Yes! An easy tweetable answer! Except that it’s loaded with questions and assumptions. Instead, what I will talk about here are technology decisions. Those that really matter are about things that elevate your ability to build what you are building at the velocity you need.

In Operations and SRE, we are not only tasked with evaluating and testing technologies, we are often requested (or sometimes instructed) to support the decisions others make. This isn’t an ideal situation, and in some cases, impractical because it feels like a policing. In fact, it might sound a little selfish to think that SRE needs the ability to say “yay” or “nay” to a decision. If you think that feels slightly siloed, you’d be right. I prefer working with all vested parties to come up with a solution that fits the problem, not just make blind leaps of faith on a particular platform. Flexibility and cooperative evaluation work really really well, believe it or not.

In my experience, it takes a minimum of six months for a team to work up a brand new (to them) technology or platform and have it be supportable in production. Even then, if the software team building it won’t be permanently oncall for it (which is something else I believe), they should at least be on the hook for a minimum of six months further as the kinks are worked out. This seems fairly straightforward for something like a development framework or a particular platform specific to operating the software system in question. For example, adopting Redis as a DBRE-supported platform in production. There are clear reasons why the software needs this kind of ultraspeedy k/v store, and building up widespread support in SRE for it means other software teams benefit. That is a highly opinionated decision and one that’s fairly easy to make especially because it’s free!

But is it? In contrast, what happens when you need to fulfill the needs of infrastructure? This is where Operations tires really hit the road. This doesn’t mean it’s a siloed decision, for example introspecting the system is as important to reliability engineering as it is to the folks developing the software. The Redis example above shows how technology decisions become a crucial part of the collaboration among everyone involved building your product, whether it be dev or sec or ops or everything in-between. However, it doesn’t quite reflect the reality of infrastructure requirements, particularly tooling that supports the needs of reliability. “We need monitoring and we need it yesterday!”

So, I posit: There is no “Build or Buy”. There is only Buy.

I build electronic instruments. My product is the music I make, and one the central philosophies in my approach to improvisation and performance is the concept of “original sound”. What music does a plucked cactus make when amplified, or how can a mercury tilt-switch and photoresistor create sound from electrons? The top picture here is of a breadboard, a prototype of a device that will eventually drive something called a “Voltage Controlled Oscillator”, or VCO. To the left is a photo of a professionally designed, tested, and built VCO. I have no need to design and build a VCO, even though fun, it is a distraction – both in time and money – from my main purpose: the creation of a new kind of analog synthesizer controller. I’d rather buy the VCO and the accompanying support of the experts who not only built it but are passionate about its success. Then I can focus resources on my creativity.

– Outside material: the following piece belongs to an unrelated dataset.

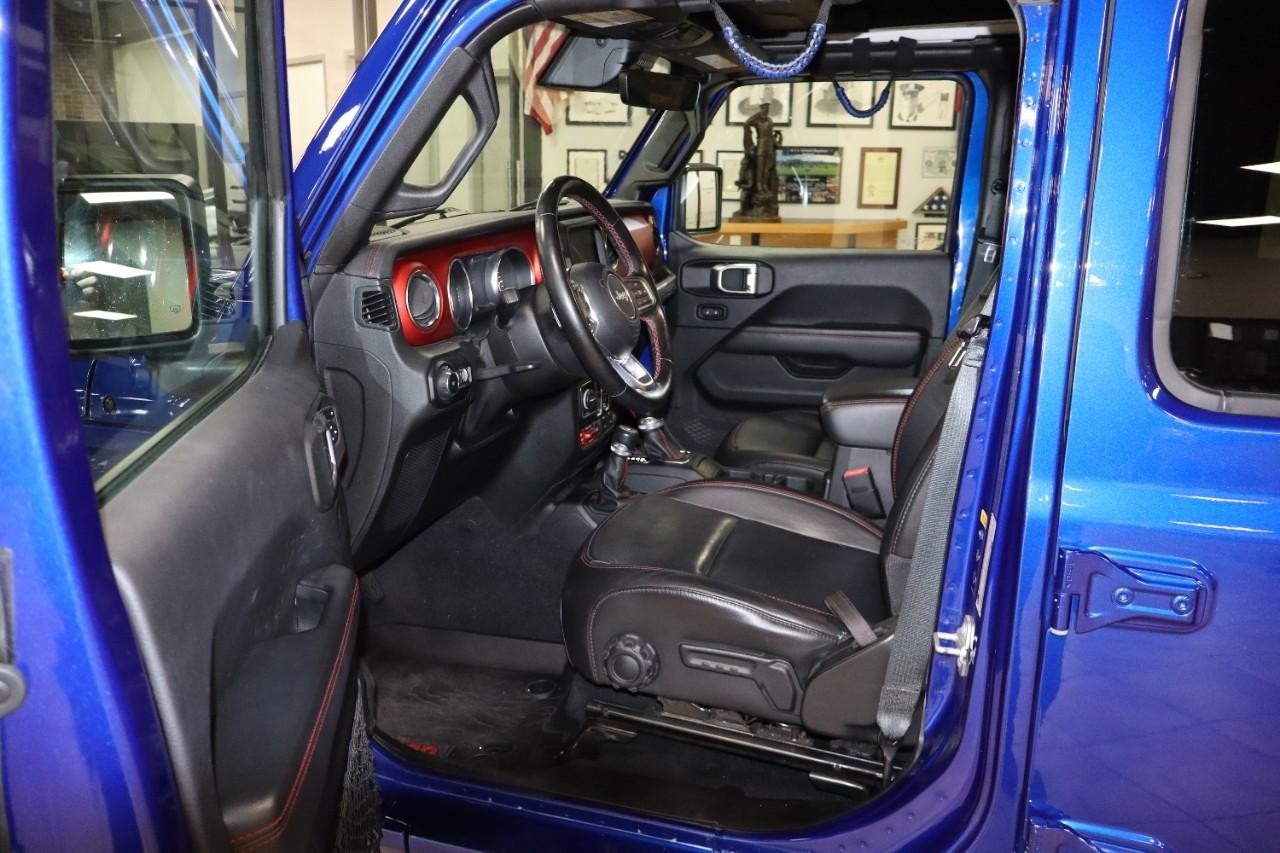 Jeep Wrangler Unlimited Vehicle Full-screen Gallery Image 9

The technology decision to be made is heavily informed by what kinds of resources you want to spend on it. Building a platform in-house, using your own people, is sometimes only feasible with very large companies that have the ability to staff for this, and often have custom circumstances. It’s not hard to notice that a few very successful software platforms come out of organizations in this position. These teams also must deal with all the infrastructure costs, maintenance, reliability, and complex aggregations of data and transports. These problems have indeed been solved many times over by third party SaaS/PaaS/IaaS solutions, but sometimes the amount of customization required demands it. Or the development of these systems may be so clearly aligned with the company objectives that it is a non-question (e.g. Netflix pioneering Chaos Engineering or Google producing Borg/Kubernetes).

These days, such cases are the exceptions. Most of us are with companies where this luxury and concentration of engineering ability aren’t present. It may make a ton more sense to choose an expert in the field, whose company mission is specifically to provide this need. The argument that Ops Is A Cost Center is underlined, because the focus should really be on the product. “We’re good enough we can run a custom log aggregation stack at the same time we’re developing this completely dependent but orthogonally related product” is probably an approach that should be questioned, unless of course you are prepared to buy those resources through hiring and operational expenses.

Either way, you’re building something. Recall the decision to choose Redis, and how long it took to enable that system in production. The same will apply to any in-house platform or tooling. Nevertheless, it’s a tradeoff. To buy resources for building in-house or buy a third party SaaS, each have their own layers of complexity, complication, and frustration. Yep, it might be fun to build, but is embarking on such a project really the right choice for the team and the product?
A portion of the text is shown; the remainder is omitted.